• WHAT TO DO: Go through the listing below and write out exactly the lines from the one that mentions "Portrait of Young" through the one that mentions "Corridors feature a", minus the pictures.

• PROVIDED INFORMATION:
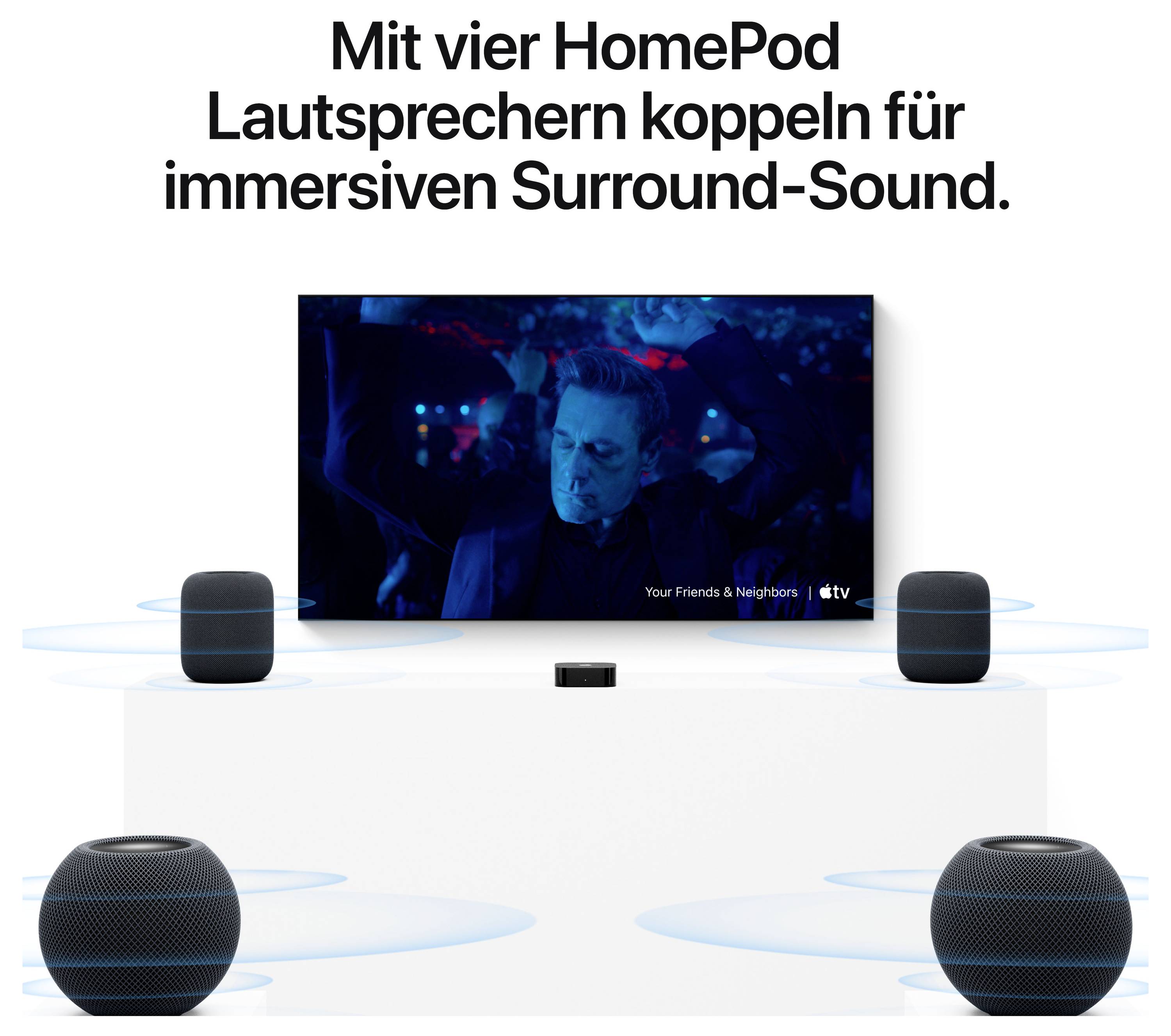 Publicité pour HomePod Surround Sound : Quatre haut-parleurs autour d'un téléviseur pour un son immersif.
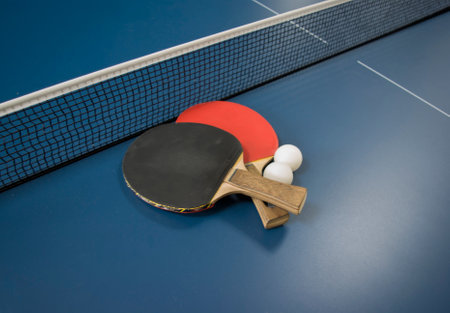 Table tennis racket and ball on blue table, closeup of photoの写真素材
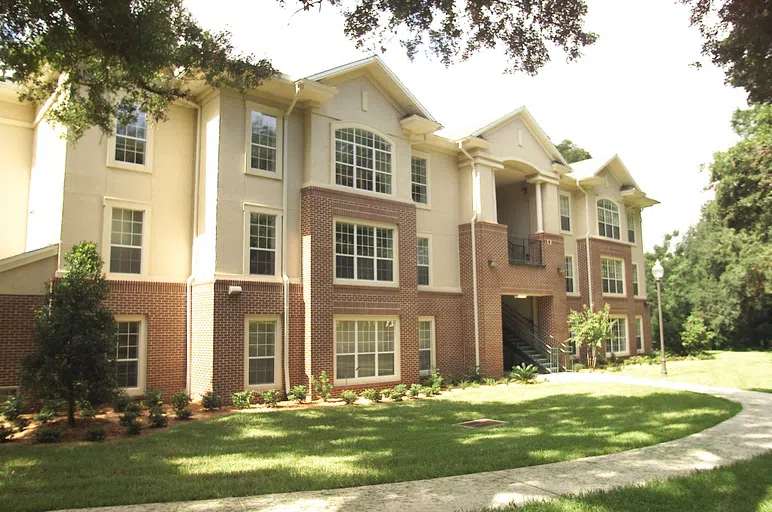 The outside of the Village Apartments.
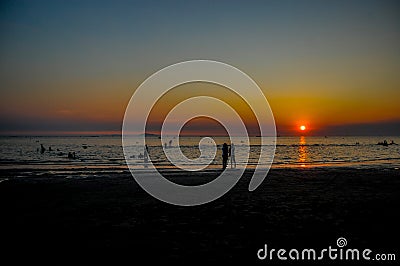 Silhouete people sunset on the beach. Stock Photo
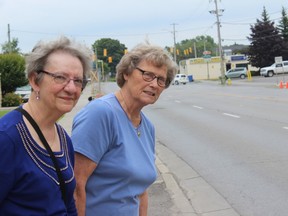 Pat DaSliva (left) and Margaret O'Neil try to cross at College Street West Tuesday afternoon outside Amica at Quinte Gardens Retirement Residence. Both women are on the home's resident council, which is pushing for a crosswalk outside of the home.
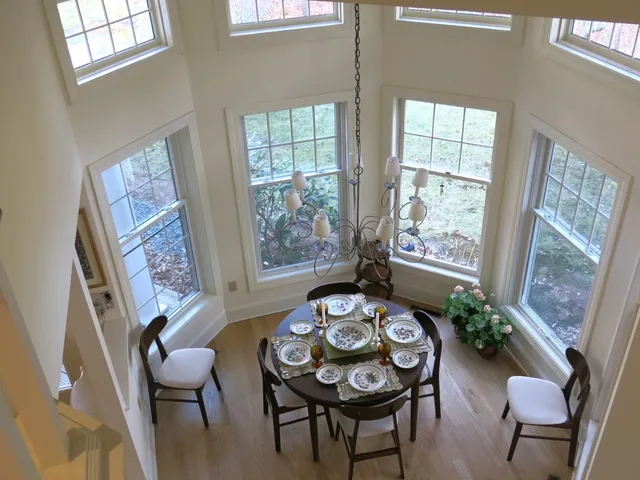 a view of a dining room with furniture and wooden floor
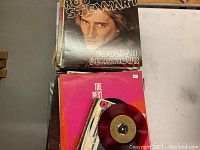 Stack of vinyl records showing the Rod Stewart album 'Foolish Behaviour' on top with a visible red 45 RPM single.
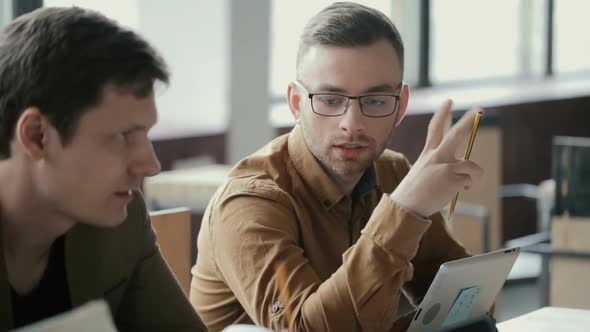 Portrait of Young Attractive Man at Business Meeting with Boss. People Discussing New Project in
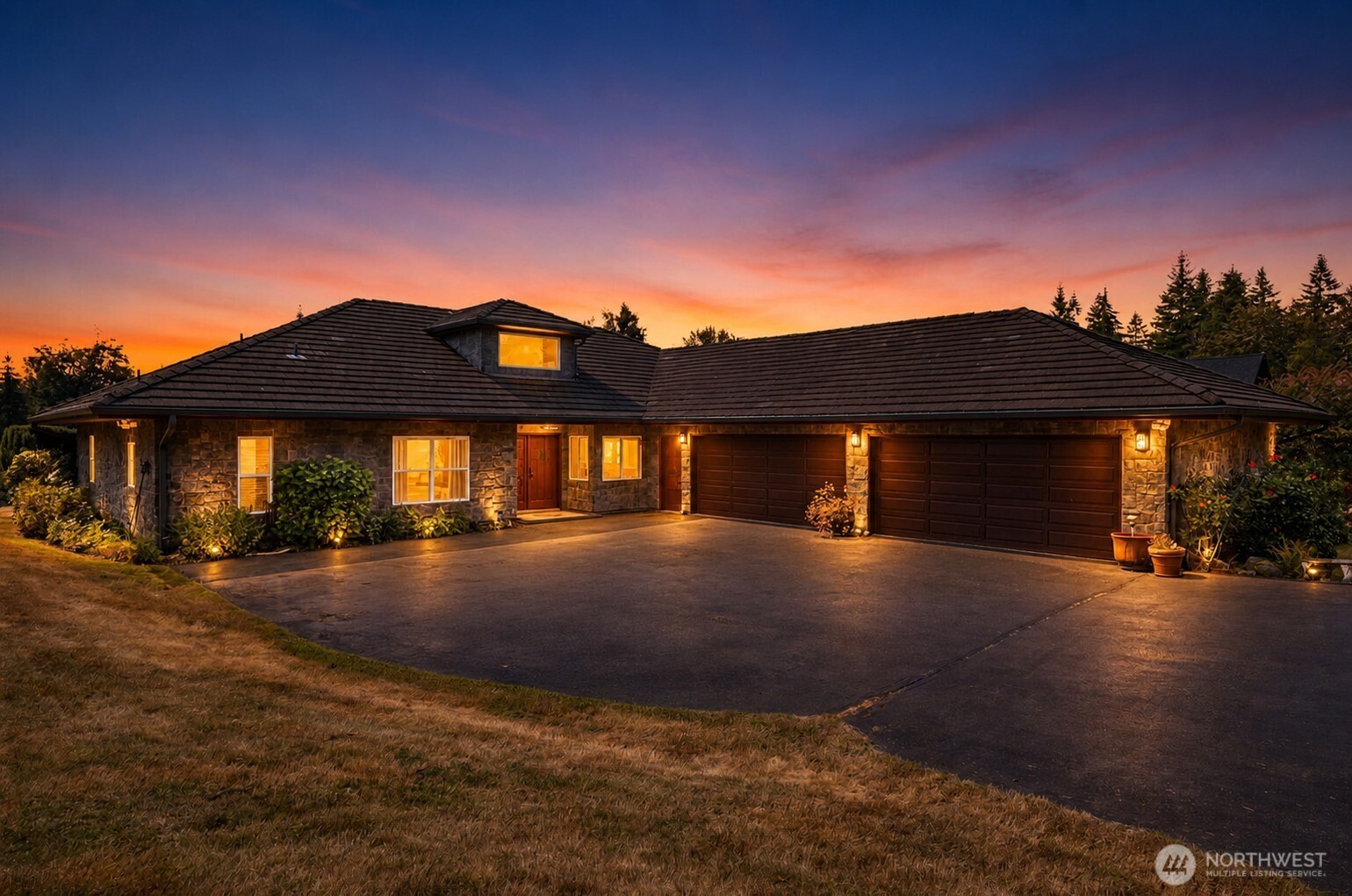Welcome to this exceptional 3.25-acre home on a private dead-end street in the Tahoma School District. This impeccably maintained 1994-built 1.5-story home features 2,410 sqft of main-level living with stunning stone exterior, keeping the home cool in the summers. Enjoy mountain and territorial views from this secluded, rolling property complete with barn, fully fenced double paddocks, and outbuildings. The open layout offers hardwood floors, granite counters, and a kitchen with eating space. The main-floor primary suite includes a bath with jetted tub, double walk-in closets, and double pane windows throughout. A walk-in pantry, built-in vacuum, gas fireplace, and security system adds to the accessible design with wide doorways and hallways on the main level. Upper bonus room provides flexible space for guests or hobbies. Propane forced air plus a cozy propane stove keep you warm, with an owned propane tank and generator-ready wiring for peace of mind. The oversized partially heated 4-car attached garage (1,134 sqft) plus RV parking handles all your toys and equipment. Terraced garden space, wooded areas, and pasture offer endless outdoor possibilities. Public water via Cedar, PSE power. A rare opportunity for country living minutes from Renton conveniences.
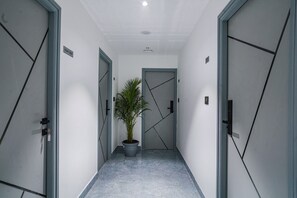 Corridors feature a potted plant and doors leading to various rooms.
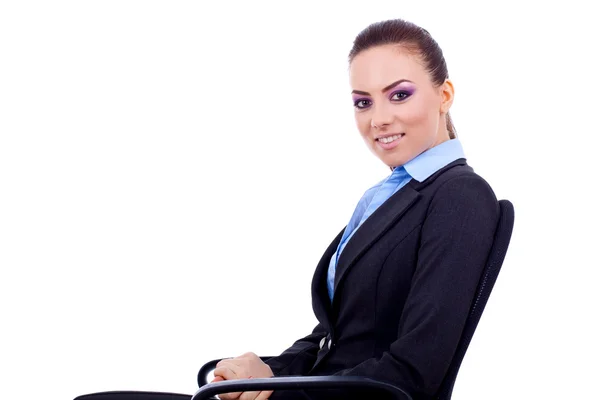 Business woman sitting in a chair — Stock Photo, Image
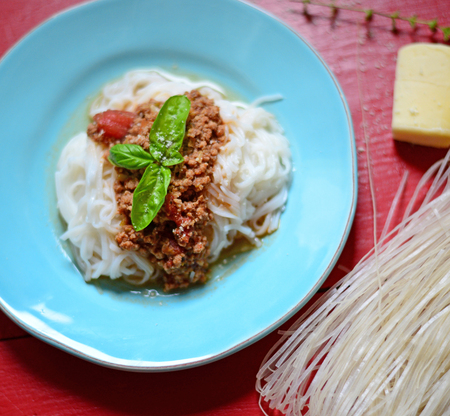Italian spaghetti on rustic wooden table with rice noodleの写真素材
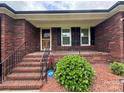 Inviting front porch with brick steps, black railing, and manicured greenery at 6339 River Front Dr, Harrisburg, NC 28075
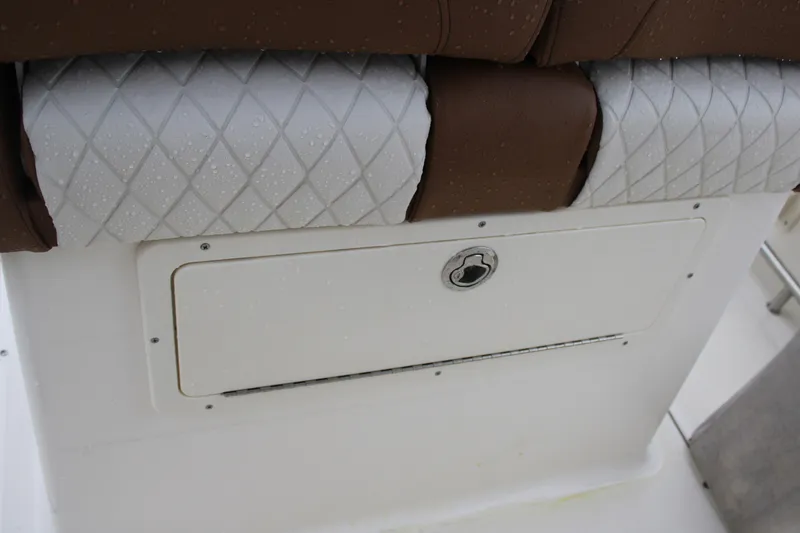 Slide: The Image of 2025 Pioneer 222 Sportfish boat seat with storage compartment and diamond-patterned upholstery. - 14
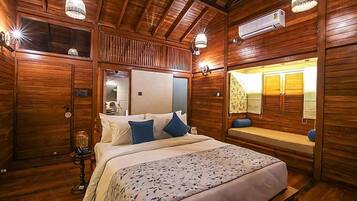 A wooden cabin room with a bed, a bench, and a mirror.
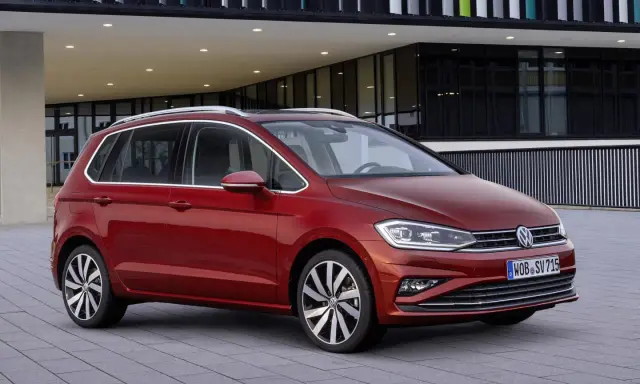 Czerwony Volkswagen Golf Sportsvan przed nowoczesnym budynkiem. Wady tego modelu mogą dotyczyć np. wyciszenia kabiny.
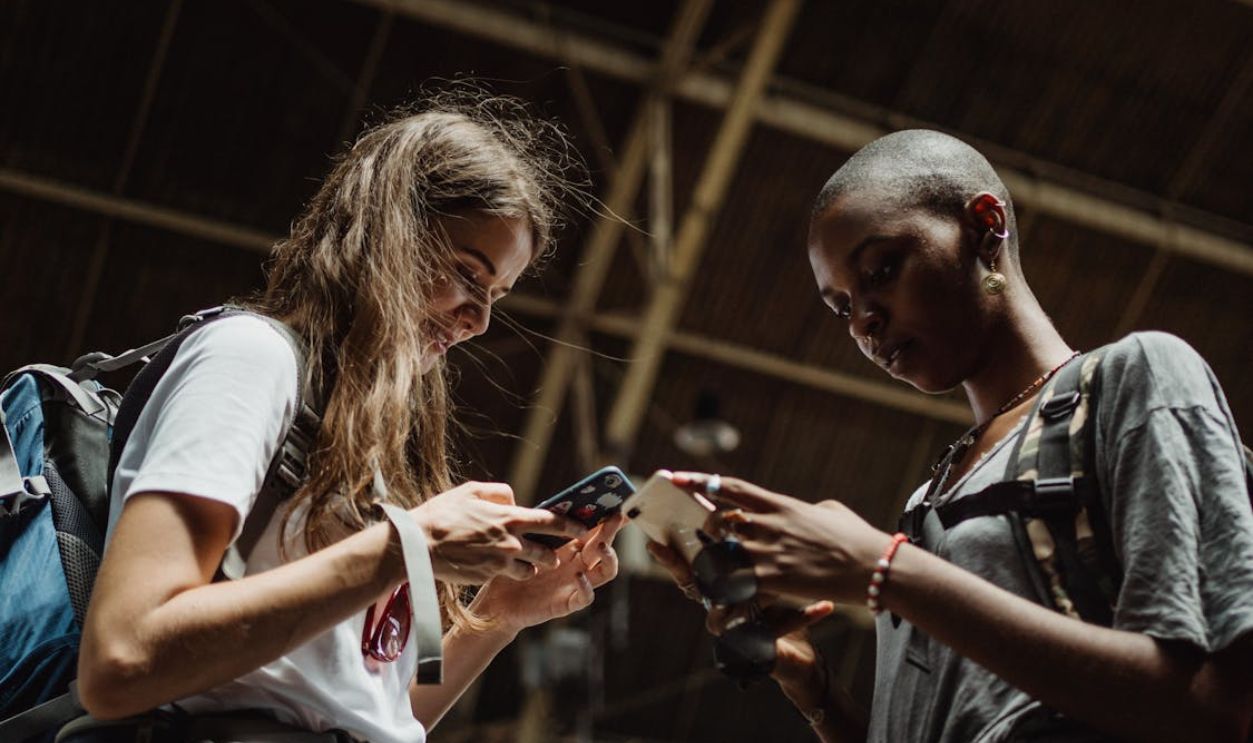 Two women are engrossed in their phones, capturing the essence of modern travel and connectivity.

• ANSWER TO THIS PROBLEM:
 Portrait of Young Attractive Man at Business Meeting with Boss. People Discussing New Project in
Welcome to this exceptional 3.25-acre home on a private dead-end street in the Tahoma School District. This impeccably maintained 1994-built 1.5-story home features 2,410 sqft of main-level living with stunning stone exterior, keeping the home cool in the summers. Enjoy mountain and territorial views from this secluded, rolling property complete with barn, fully fenced double paddocks, and outbuildings. The open layout offers hardwood floors, granite counters, and a kitchen with eating space. The main-floor primary suite includes a bath with jetted tub, double walk-in closets, and double pane windows throughout. A walk-in pantry, built-in vacuum, gas fireplace, and security system adds to the accessible design with wide doorways and hallways on the main level. Upper bonus room provides flexible space for guests or hobbies. Propane forced air plus a cozy propane stove keep you warm, with an owned propane tank and generator-ready wiring for peace of mind. The oversized partially heated 4-car attached garage (1,134 sqft) plus RV parking handles all your toys and equipment. Terraced garden space, wooded areas, and pasture offer endless outdoor possibilities. Public water via Cedar, PSE power. A rare opportunity for country living minutes from Renton conveniences.
 Corridors feature a potted plant and doors leading to various rooms.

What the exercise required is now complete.